Subtract this reset tensor from the cumulative sum tensor. This results in the tensor where the value is the index of the token in an original input sequence. We will combine this with the backwards count to get the total length.

forward_count = cumulative_sum - cumulative_max

# [0, 1, 0, 1, 2, 3, 0]

(5) Apply in reverse

Reverse the original input mask (1) and repeat (2)-(4) on this reversed tensor.

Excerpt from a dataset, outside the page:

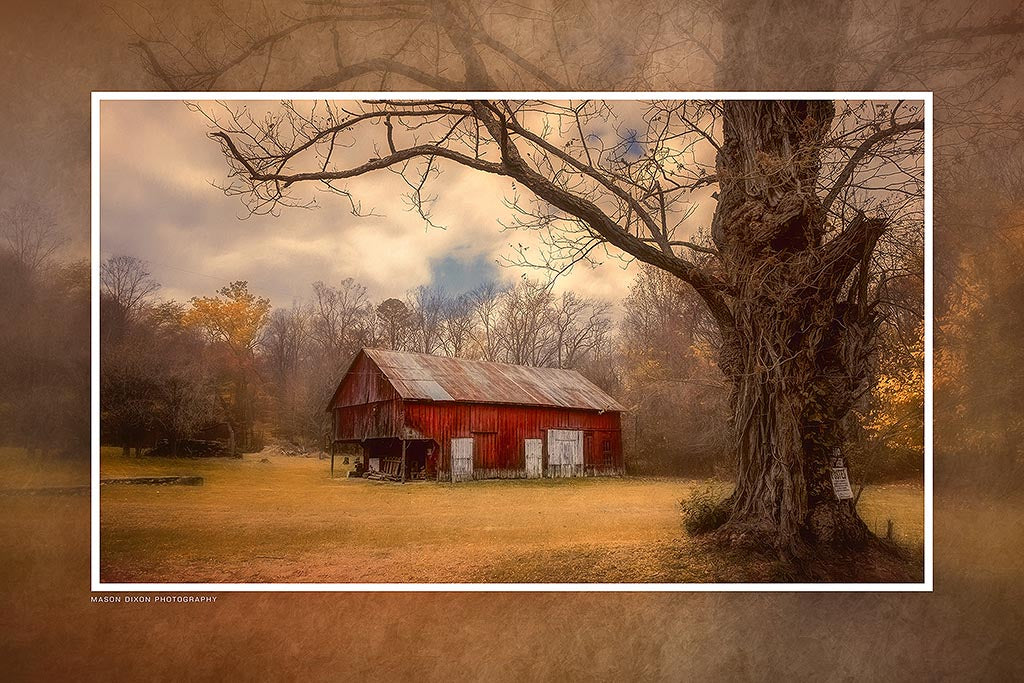 &quot;Red Barn in Autumn&quot; 6x9 Metal Print with Stand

This results in a backwards count:

backwards_count = [0, 1, 0, 3, 2, 1, 0]

(6) Combine forward and backwards pass

Combine the two counts to create a tensor where each token is the length of the input sequence it's a member of (subtracting 1 for 1-based indexing):

seq_lens = forward_count + backwards_count - 1
# [0, 1, 0, 3, 3, 3, 0]

(7) Mask with sequence length

Mask this tensor to where the value is the length of the original input.

original_len = 3

mask = (seq_lens == original_len)

# [0, 0, 0, 1, 1, 1, 0 ]: correct!

If this manual example does not do it for you, I encourage you to run the colab notebook to see the method in action with real dataset samples.

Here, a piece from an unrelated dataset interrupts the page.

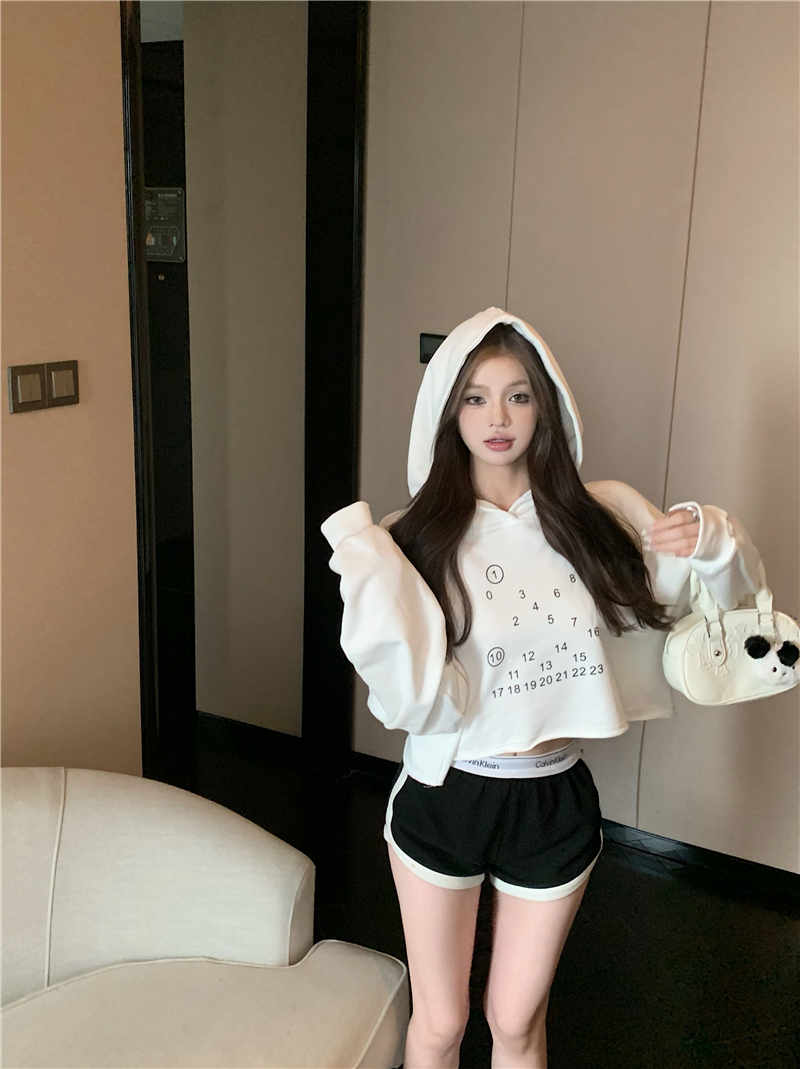 6535流線棉 秋季女白色連帽字母印花寬鬆長袖衛衣復古上衣套頭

Colab Notebook Walkthrough

Access a walkthrough here.

Putting it all together

Extending this to work with real sequences (and batches!) looks like the following function:

def input_text_mask_vectorized(original_input_ids, templated_ids, pad_token_id):
    # Create mask for tokens that exist in original input
    original_token_mask = torch.stack( 
    [torch.isin(templated_ids[b], original_input_ids[b]) for b in range(templated_ids.size(0))],
    dim=0)

    # Cumulative sum of original tokens up to each position
    cumulative_original_count = torch.cumsum(original_token_mask, dim=-1)
    
    # Find reset points where non-original tokens break the sequence
    reset_positions, _ = torch.cummax(cumulative_original_count * (~original_token_mask).float(), dim=-1)
    
    # Count consecutive original tokens from left
    consecutive_from_left = cumulative_original_count - reset_positions
    
    # Flip and repeat process for counting from right
    flipped_mask = original_token_mask.flip(dims=[-1])
    flipped_cumsum = torch.cumsum(flipped_mask, dim=-1)
    flipped_reset_positions, _ = torch.cummax(flipped_cumsum * (~flipped_mask).float(), dim=-1)
    consecutive_from_right = (flipped_cumsum - flipped_reset_positions).flip(dims=[-1])
    
    # Total consecutive length at each position
    consecutive_length = (consecutive_from_left + consecutive_from_right - 1) * original_token_mask
    
    # Get actual length of each original sequence (excluding padding)
    original_sequence_lengths = (original_input_ids != pad_token_id).sum(dim=-1)

    # Mask positions where consecutive length equals full original sequence length
    complete_sequence_mask = consecutive_length == original_sequence_lengths.unsqueeze(1)

    return complete_sequence_mask

Is this any faster?

Vectorized Time complexity

.isin check: O(N*M) work for original seq length M and templated seq len N.
.cumsum and .cummax: O(N) work, O(log N) span using a parallel scan.
Element-wise operations (add, mul, sub): O(N) work.

The algorithm is dominated by the O(N*M) membership check. For the parallelized cumulative sum, a binary tree is used under the hood and the widest span of elements we perform sequential computation on is log(n). Since both of the methods use the membership check, the parallel version is work efficient. We can expect a speedup when run on an accelerator.

Empirical Results

Running each of the methods for 3000 iterations, after 25 iterations of warmup, on a batch of shape (10, 446) tokens, we get the following results:

Conclusion

I have spent a lot more time over the past few years working on full-stack applications, so please critique and provide suggestions for how I might improve or simplify this approach. I may have missed an edge case or a simpler solution, so don't be afraid to point out where I am wrong.

At a higher level, I think that the marginal returns to precision in this application might be small. Still, writing this was a useful exercise.